Quinta-feira, 04 de Março de 2010, 10h:12 - A | A

Presidente do CRF-MS diz que nova resolução da Anvisa quer \"devolver caráter de estabelecimento de saúde\" às drogarias

Marcelo Eduardo - Capital News

O Capital News acompanha as mudanças que afetam drogarias e farmacêuticos após a Agência Nacional de Vigilância Sanitária (Anvisa) publicar resoluções obrigando aqueles estabelecimentos a não mais venderem produtos que não sejam medicamentos ou relacionados à saúde e higiene pessoal, além de exigir outras modificações.

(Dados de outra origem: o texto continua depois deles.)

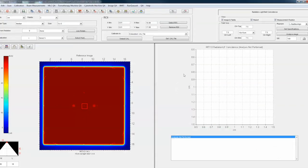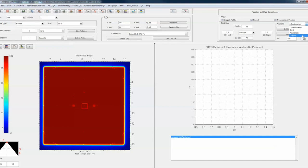Going back to the light field routine, this works with our LRAD phantom or with the iso-align phantom. IBC used to make a phantom for this. We can also do asymmetrical fields, which we'll do next, or there are some custom phantoms people use for that. But let's stay with the first option: either our LRAD or the iso-align.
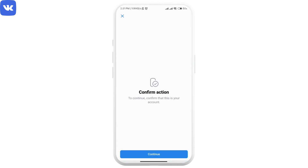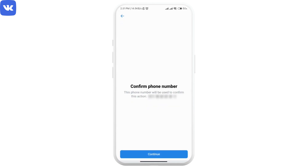Now they will want to verify that it is you who is trying to make these changes, so just click on continue. The verification will be done via your phone number — click on the continue option again.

Na tentativa de responder algumas dúvidas que ainda possam existir, nossa equipe de reportagem conversou com o presidente do Conselho Regional de Farmácia de Mato Grosso do Sul (CRF-MS), Ronaldo Abrão.

O CRF é entidade criada para zelar pela observância dos princípios da ética e da disciplina da classe dos que exercem atividades profissionais farmacêuticas.

Ronaldo conversou sobre a nova resolução e a disputa entre o Conselho e as grandes redes de drogarias para tentar derrubá-la e outros assuntos, como: a chamada “lei antigarrancho” – que médicos a prescreverem receitas legíveis – e a questão da rastreabilidade de remédios para evitar roubos e falsificações.

Confira a entrevista

Capital News: Como o Conselho Regional de Farmácia recebeu as decisões judiciais que garantiram liminares às grandes redes de drogarias a comercializarem “produtos alheios”, como bolachas, sorvetes, prestação de serviços bancários?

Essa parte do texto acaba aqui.